ZFS Guide

zfs

If you care about your data, you should use ZFS. Personally, I think this is the best choice for most use cases where data integrity is a factor. If you are building a NAS then you should really use ZFS. A close contender would be BTRFS.

What is ZFS?

ZFS is an advanced, next generation file system. It solves many of the problems with existing filesystems. It combines the features of a filesystem and a volume manager in one piece of software.
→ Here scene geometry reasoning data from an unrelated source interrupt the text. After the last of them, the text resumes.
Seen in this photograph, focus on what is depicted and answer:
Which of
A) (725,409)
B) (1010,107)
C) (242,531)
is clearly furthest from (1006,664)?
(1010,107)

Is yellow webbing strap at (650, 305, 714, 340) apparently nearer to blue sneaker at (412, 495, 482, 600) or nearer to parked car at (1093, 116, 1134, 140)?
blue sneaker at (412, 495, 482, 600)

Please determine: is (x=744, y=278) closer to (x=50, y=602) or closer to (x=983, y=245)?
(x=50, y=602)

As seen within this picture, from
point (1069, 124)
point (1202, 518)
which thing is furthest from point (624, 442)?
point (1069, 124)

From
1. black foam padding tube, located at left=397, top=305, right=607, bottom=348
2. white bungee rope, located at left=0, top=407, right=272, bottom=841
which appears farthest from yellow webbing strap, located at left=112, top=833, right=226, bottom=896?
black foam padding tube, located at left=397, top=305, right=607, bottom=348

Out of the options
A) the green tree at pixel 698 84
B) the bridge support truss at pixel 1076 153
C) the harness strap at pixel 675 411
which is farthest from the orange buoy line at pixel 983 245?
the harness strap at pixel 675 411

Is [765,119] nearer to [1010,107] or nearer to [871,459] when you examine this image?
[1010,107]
It is a 128-bit file system so it provides ridiculous, astronomically large limits to FS size ( 256 quadrillion Zettabytes ) and individual file size (16 exbibytes ).

It provides:

RAID
snapshots
integrity checking
automatic repair
much more …

Without integrity checking, your data is at risk of being corrupted. ZFS protects data from otherwise undetectable corruption such as bit rot.

Super Tiny ZFS Cheat Sheet

This will bring you from zero to semi-competent ZFS admin in about 30 seconds.
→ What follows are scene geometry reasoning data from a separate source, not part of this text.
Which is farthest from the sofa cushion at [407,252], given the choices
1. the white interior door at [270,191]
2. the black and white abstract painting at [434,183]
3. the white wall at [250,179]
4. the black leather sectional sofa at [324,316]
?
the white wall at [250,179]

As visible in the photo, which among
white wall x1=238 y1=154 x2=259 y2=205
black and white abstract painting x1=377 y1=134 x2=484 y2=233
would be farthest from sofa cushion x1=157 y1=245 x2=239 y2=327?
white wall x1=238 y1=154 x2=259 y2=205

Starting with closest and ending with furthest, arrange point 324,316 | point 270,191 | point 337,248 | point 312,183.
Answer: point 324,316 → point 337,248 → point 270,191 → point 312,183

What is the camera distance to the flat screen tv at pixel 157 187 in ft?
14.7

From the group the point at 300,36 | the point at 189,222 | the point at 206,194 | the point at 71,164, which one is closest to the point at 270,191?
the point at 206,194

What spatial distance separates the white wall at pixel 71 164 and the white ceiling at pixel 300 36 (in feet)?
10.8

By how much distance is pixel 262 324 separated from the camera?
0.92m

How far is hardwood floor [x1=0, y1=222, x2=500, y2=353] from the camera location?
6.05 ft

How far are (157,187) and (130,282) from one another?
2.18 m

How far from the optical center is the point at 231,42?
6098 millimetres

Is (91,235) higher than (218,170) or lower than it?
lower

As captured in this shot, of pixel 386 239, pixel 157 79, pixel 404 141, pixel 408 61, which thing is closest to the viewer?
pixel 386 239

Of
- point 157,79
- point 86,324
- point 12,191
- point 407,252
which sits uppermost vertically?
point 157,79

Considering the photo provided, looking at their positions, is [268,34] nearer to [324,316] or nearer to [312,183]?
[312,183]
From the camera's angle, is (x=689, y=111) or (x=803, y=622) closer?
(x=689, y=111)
sudo apt update	get latest info from repo
sudo apt install zfsutils-linux	install
sudo zpool create pool1 mirror sdc sdd	RAID 1 Mirror
sudo zpool create pool1 mirror sdb sdc mirror sdd sde	RAID 10
sudo zpool status	show status
sudo sudo zpool replace pool1 sdd sde	replace failed disk
sudo zpool destroy pool1	destroy pool
sudo zpool scrub pool1	scrub pool

ZFS Quick Start

WARNING - Read the section on pool scrubbing. It is important.

NOTE - On older versions of Ubuntu you had to use a different package and add an additional repository.

Pools can be created using entire disks, slices / partitions, or files.

TIP - When creating a Zpool you can use “-f” to force if there is an error about no EFI label but potential information in the MBR.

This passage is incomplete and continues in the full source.